HADITHA DAM, Iraq -- When Staff Sgt. Barrett A. Kahl was a recruiter in South Boston, Va., he talked with prospective enlistees about the Marine Corps being the smallest, yet most respected organization in the U.S. military.
Little did he know that one day those words would apply in his own life when he got the chance to reminisce with one of his recruits while deployed to Iraq.
“I saw him here one day standing in the chow line,” said Kahl, a Jarrettsville, Md., native. “It was weird how we were stationed at the same base in Iraq.”
His former recruit, Lance Cpl. Christopher M. Fallen of Halifax, Va., is also serving here in support of Operation Iraqi Freedom. While Fallen works as a machine gunner for the Dam Security Unit attached to 3rd Battalion, 1st Marine Regiment, Kahl makes sure the DSU and other units attached to the battalion receive the food that keeps them going.
“I knew I would see him out here once he was done with recruiting duty,” said 21-year-old Fallen.
In early 2003, Kahl first met Fallen and knew he was different than other future Marines. Graduating in the top five in his class at Halifax County High School, Fallen could have been accepted to any college but instead chose to go into the Marine Corps.
“Since I’ve known him, he has always had a lot of heart,” Kahl said. “Even out here, I see it because he volunteered to come out here when he didn’t have to.”

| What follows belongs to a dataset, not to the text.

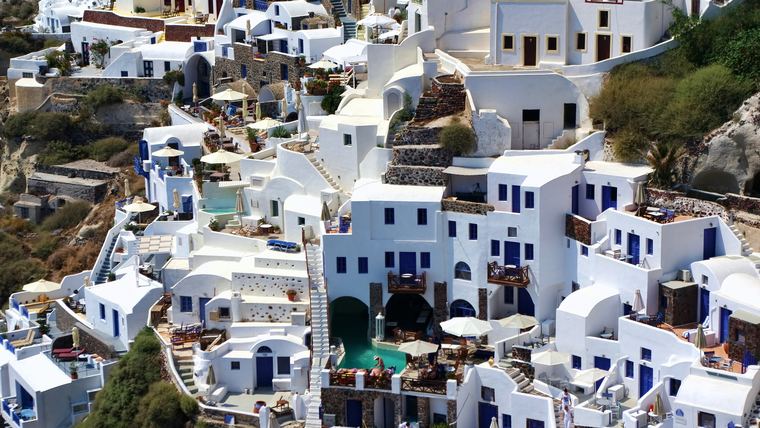 The traditional village of Oia on Santorini, built into the caldera cliff with no vehicle access to most properties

Like most recruiters and their enlistees, they keep in contact with their Marines once they graduate basic training and go on to their units. Fallen kept in touch with his recruiter all the way through his enlistment and showed up at Kahl’s office each time he went home on vacation.
“When he got back from Iraq the first time, we got together and had dinner,” said Kahl, a mess chief attached to the battalion. “We have done lots of things together since he enlisted in the delayed entry program.” Before crossing paths in Iraq, the two were both stationed at Marine Corps Base Camp Lejeune, N.C. Once again, they would run into each other on a regular basis much like they do now in Iraq.
“It is really nice seeing him out here,” Kahl said. “He brings a little taste of home whenever I see him.”